## WHAT TO PRODUCE
Set down exactly, and only, the lines from the one with "Immagine 6 di" to the final line of the entries, both included.

*** Begin section ***

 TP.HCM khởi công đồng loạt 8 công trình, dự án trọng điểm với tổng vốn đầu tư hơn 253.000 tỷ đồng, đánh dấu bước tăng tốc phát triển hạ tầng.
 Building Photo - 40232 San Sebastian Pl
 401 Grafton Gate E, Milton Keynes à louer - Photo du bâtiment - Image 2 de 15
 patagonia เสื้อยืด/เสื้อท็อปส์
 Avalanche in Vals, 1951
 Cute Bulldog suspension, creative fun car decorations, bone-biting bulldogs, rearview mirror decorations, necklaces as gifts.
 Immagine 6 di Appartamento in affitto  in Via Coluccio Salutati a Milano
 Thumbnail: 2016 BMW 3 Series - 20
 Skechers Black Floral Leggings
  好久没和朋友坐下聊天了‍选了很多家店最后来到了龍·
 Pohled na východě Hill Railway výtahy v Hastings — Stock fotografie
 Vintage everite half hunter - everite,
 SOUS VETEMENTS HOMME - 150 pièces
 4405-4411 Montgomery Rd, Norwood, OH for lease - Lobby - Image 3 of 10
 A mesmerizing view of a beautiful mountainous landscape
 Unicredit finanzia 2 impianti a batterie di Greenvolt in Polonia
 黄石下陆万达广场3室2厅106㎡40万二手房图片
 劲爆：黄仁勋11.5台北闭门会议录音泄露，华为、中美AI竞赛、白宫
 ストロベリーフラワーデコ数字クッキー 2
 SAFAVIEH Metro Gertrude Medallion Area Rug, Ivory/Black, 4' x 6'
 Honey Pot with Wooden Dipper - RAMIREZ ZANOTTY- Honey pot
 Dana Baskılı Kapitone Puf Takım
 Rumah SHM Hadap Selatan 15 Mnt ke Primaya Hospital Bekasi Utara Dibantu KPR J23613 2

*** End section ***

## SOLUTION TO THIS TASK
 Immagine 6 di Appartamento in affitto  in Via Coluccio Salutati a Milano
 Thumbnail: 2016 BMW 3 Series - 20
 Skechers Black Floral Leggings
  好久没和朋友坐下聊天了‍选了很多家店最后来到了龍·
 Pohled na východě Hill Railway výtahy v Hastings — Stock fotografie
 Vintage everite half hunter - everite,
 SOUS VETEMENTS HOMME - 150 pièces
 4405-4411 Montgomery Rd, Norwood, OH for lease - Lobby - Image 3 of 10
 A mesmerizing view of a beautiful mountainous landscape
 Unicredit finanzia 2 impianti a batterie di Greenvolt in Polonia
 黄石下陆万达广场3室2厅106㎡40万二手房图片
 劲爆：黄仁勋11.5台北闭门会议录音泄露，华为、中美AI竞赛、白宫
 ストロベリーフラワーデコ数字クッキー 2
 SAFAVIEH Metro Gertrude Medallion Area Rug, Ivory/Black, 4' x 6'
 Honey Pot with Wooden Dipper - RAMIREZ ZANOTTY- Honey pot
 Dana Baskılı Kapitone Puf Takım
 Rumah SHM Hadap Selatan 15 Mnt ke Primaya Hospital Bekasi Utara Dibantu KPR J23613 2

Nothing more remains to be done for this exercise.